奏然と大和が逃走したため、今残っているメンバーで五○メートル走の記録を取り終え、駿と彩芽の番が回ってきた。

 「ハァ〜」

 駿はため息を溢すと、チラッと彩芽の方を見やった。

 駿と彩芽は五○メートル走の練習をしていた。もちろん、駿は彩芽に勝つことは出来なかった。圧倒的な差を見せつけられただけで。

 この彩芽という女、実は、陸上部のエースなのだ。入部して早々エースの座を欲しいままにしていた。一般的に女性の筋肉量は、男性の上半身五○パーセント、下半身七○パーセントと言われている。だが、本当にそうなのかと疑いたくなるほど……彩芽は速かった。

 (はつ⁉︎ もしかして——)

 駿は失礼なことを閃いた。

 (胸……なのか? 確かに彩芽さんの胸は、言っちゃ悪いが……ぺたんこだ。その分、空気抵抗が小さいとでもいうのか⁉︎)
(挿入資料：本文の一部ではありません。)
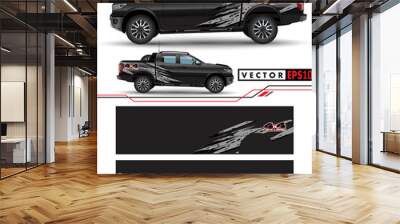 4 wheel drive truck and car graphic vector. abstract lines with black background design for vehicle vinyl wrap_V7 Wall mural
 頭のおかしい答えを導き出す駿。全国の女性にはフルボッコにされそうだった。

 駿は雑念を振り払うように頭を振った。


 そして、本番

 駿と彩芽はクラウチングスタートの体勢でいた。

 彩芽は、まだかまたかとソワソワしていた。今にも走り出しそうだ。

 駿は苦笑すると前に向き直った。

 「いちについてー」

 審判の声が聞こえてくる。

 駿と彩芽は脚に力を入れ、遠くを見据える。

 「よーい」

 二人は脚を伸ばし、腰を持ち上げた。

 彩芽の日焼け痕が残る肩や脚、鍛え上げられた足腰。無駄なく引き締まった体が愛華とは違った良さを見出していた。

 「ドン!」

 審判の合図とともに地面を蹴り、駿と彩芽は走り出した。

 重心を下げ、アクセルの効きやすい体勢を保ち続けている。全く減速する気配がない。そして、全然揺れることのない胸。態度はでかいが胸は小さい。というか、慎ましやかだ。

 対して、駿は

 (は? これ、効果出てなくない?)

 そんなことを考えていた。

 以前、テレビで『速く走れる裏技講座』というものを見たことがある。

 番組曰く、輪ゴムを足首にはめてから一回転したのち、親指にはめるというものだ。

 そして、今まさに試している最中だった。

 (やり方が違ったか? やっぱ途中で寝ちまったからなー。効果が出てるかわかんねー。皆の目を盗んではめたというのに)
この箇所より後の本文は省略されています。